**DIRECTIONS FOR THIS TASK:**
Omit all pictures, and print word for word only the lines from the one containing "Manaca Women Turquoise" through the end of the data.

**EXTRACTED INFORMATION:**
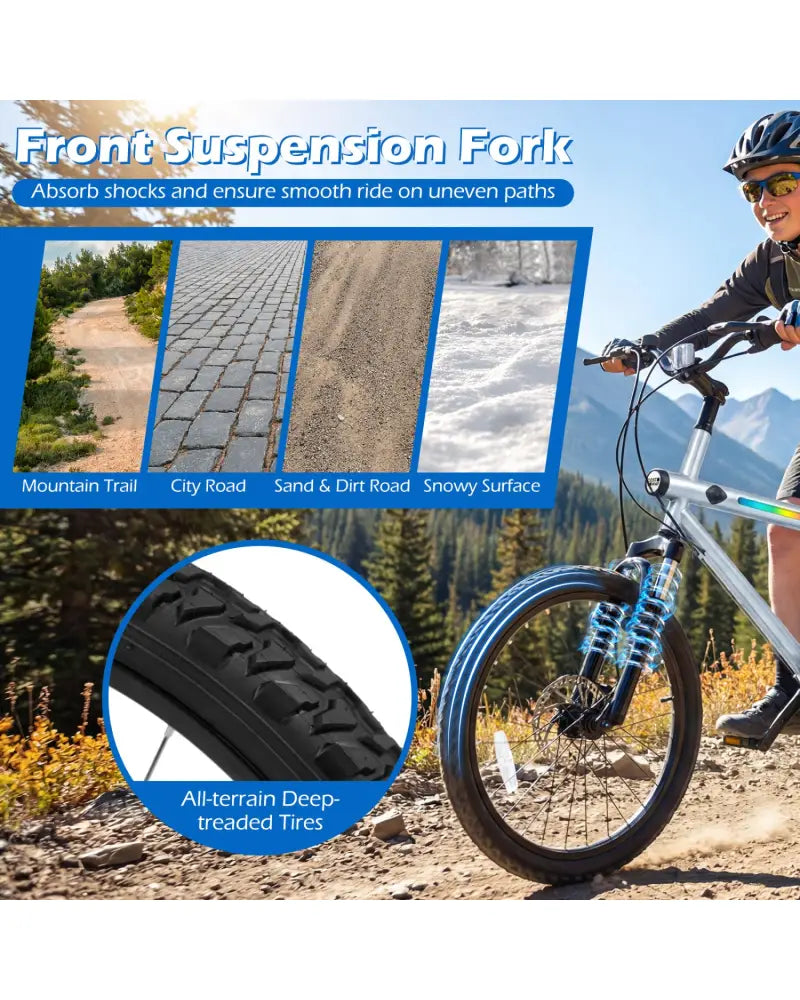 20 Inch Commuter Bicycle LED-lit with 6-Speed Shimano Twist Shifting and Stereo Speakers-Silver - Silver - Kids Bike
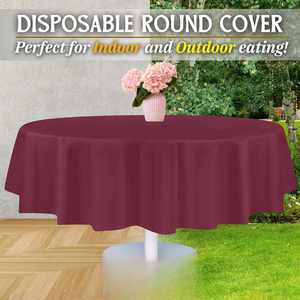 Wholesaler Premium Disposable Plastic <b>Tablecloth</b> 84" Inch Party Decorative <b>Round</b> <b>Table</b> Cover <b>for</b> <b>Round</b> <b>Tables</b> - Product Image 4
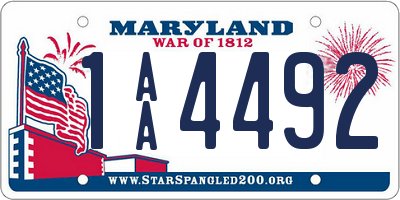 MD license plate 1AA4492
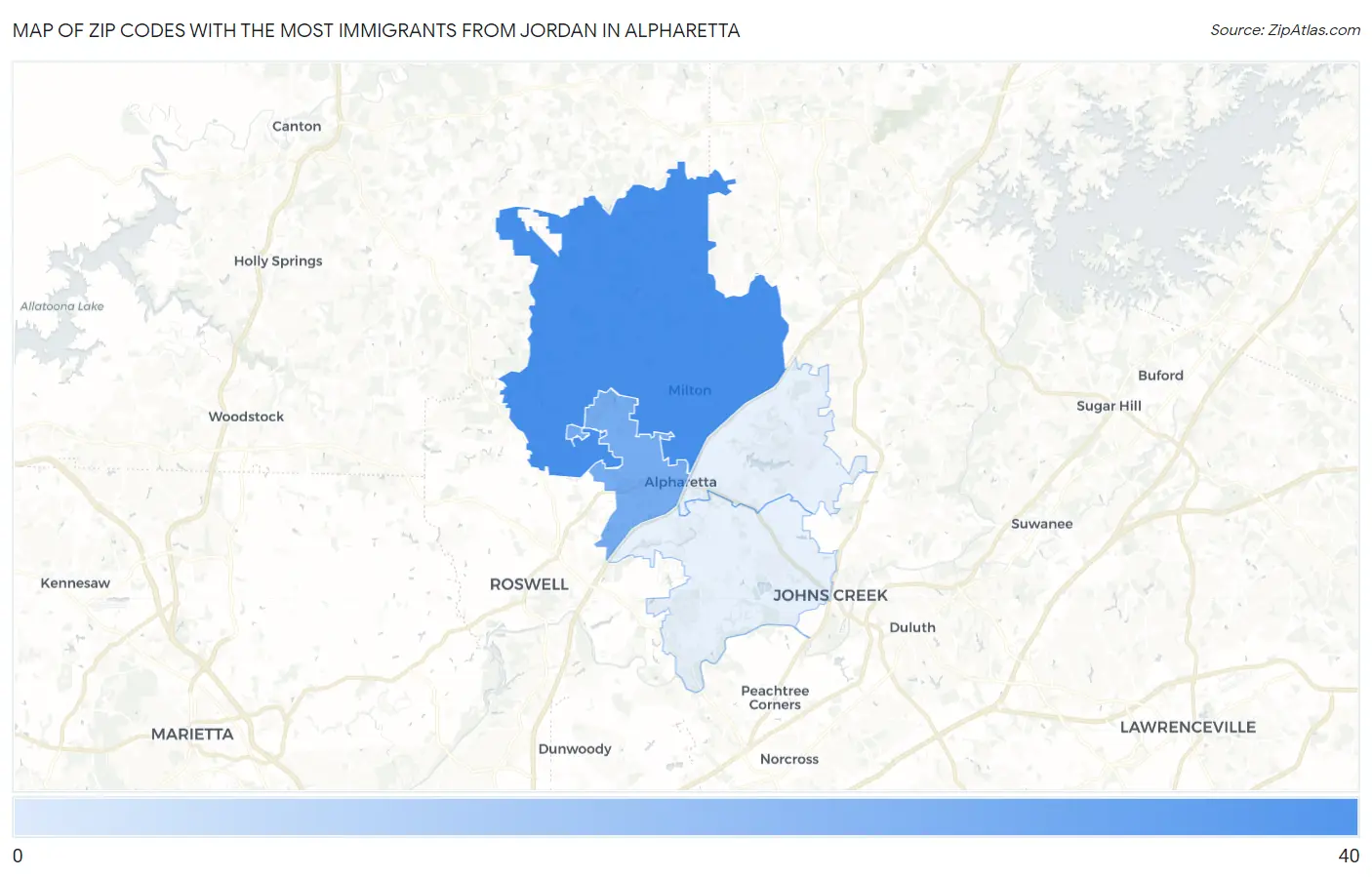 Zip Codes with the Most Immigrants from Jordan in Alpharetta Map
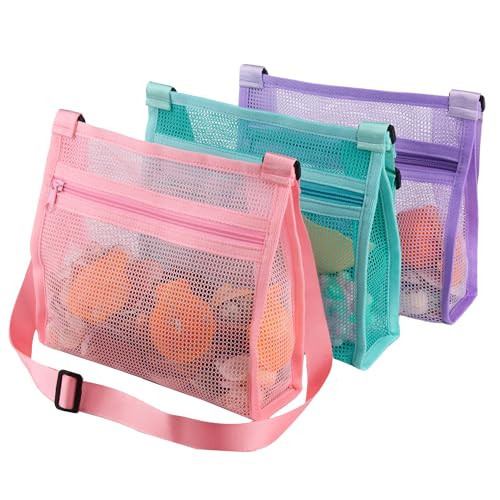 MUYIZI Shell Bags for Picking Up Shells,Toys Shell Collecting Bags Seashell Bag for Holding Shells Beach Toys Sand Toys Swimming Accessories (3pack) | Amazon (US)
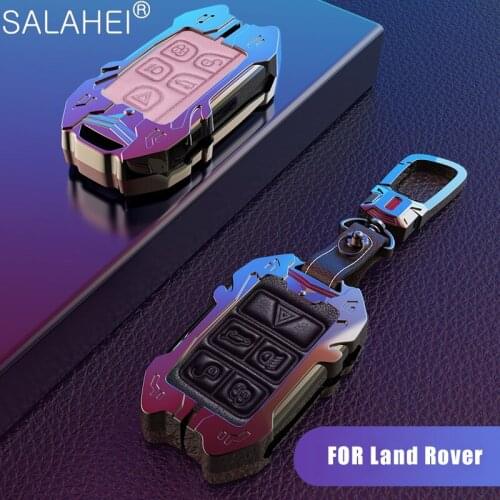 Zinc Alloy + Leather Car Key Case Cover for Land Rover Discovery 4 Sport Freelander Car Key Shell Smart Remote Accessories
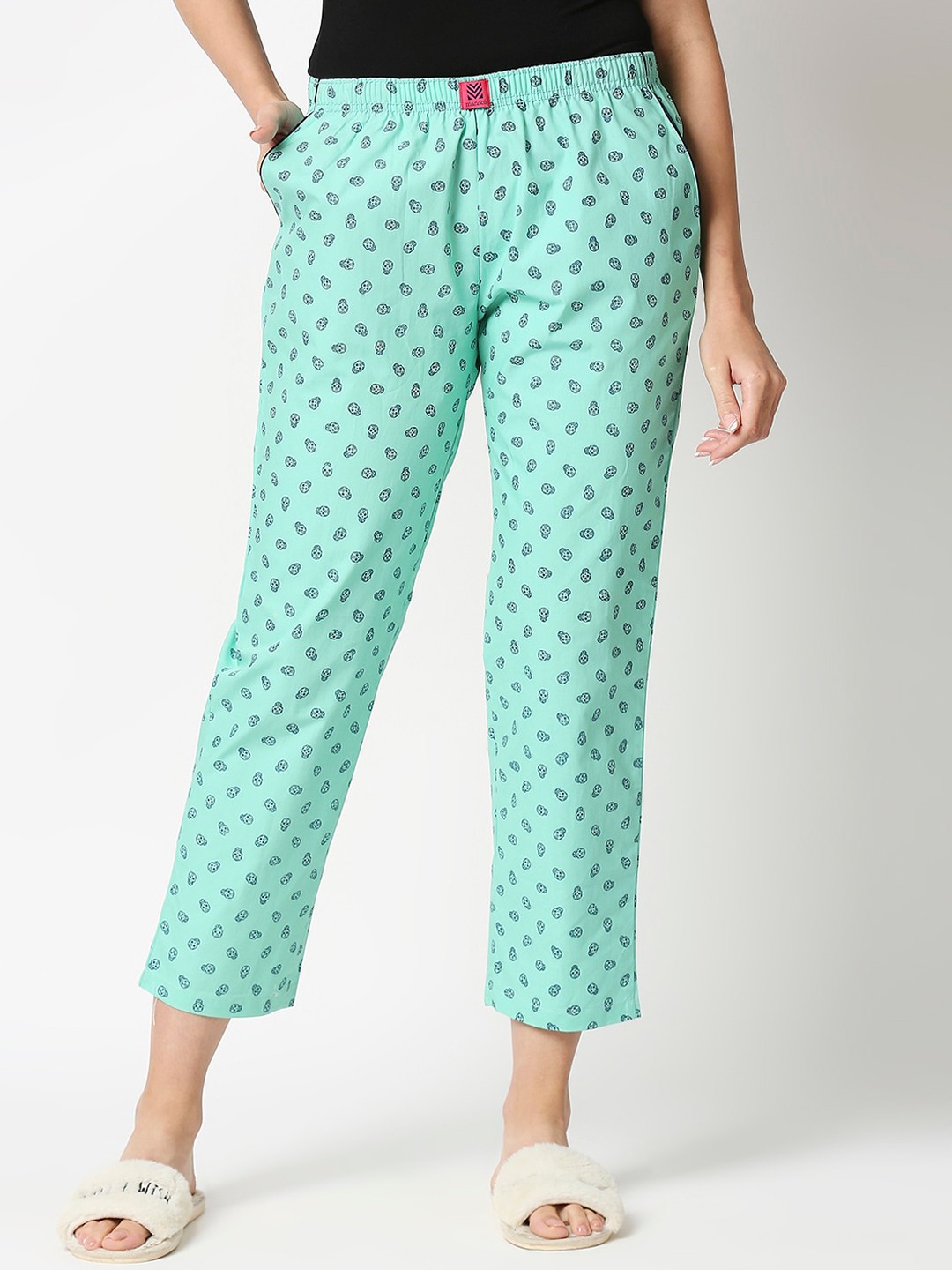 

Manaca Women Turquoise Blue Cotton Printed Lounge Pants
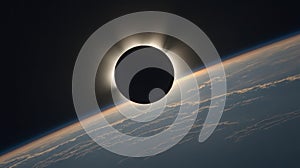 Total Solar Eclipse from Space with Earth's Atmosphere and Clouds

**RESPONSE:**
Manaca Women Turquoise Blue Cotton Printed Lounge Pants
 Total Solar Eclipse from Space with Earth's Atmosphere and Clouds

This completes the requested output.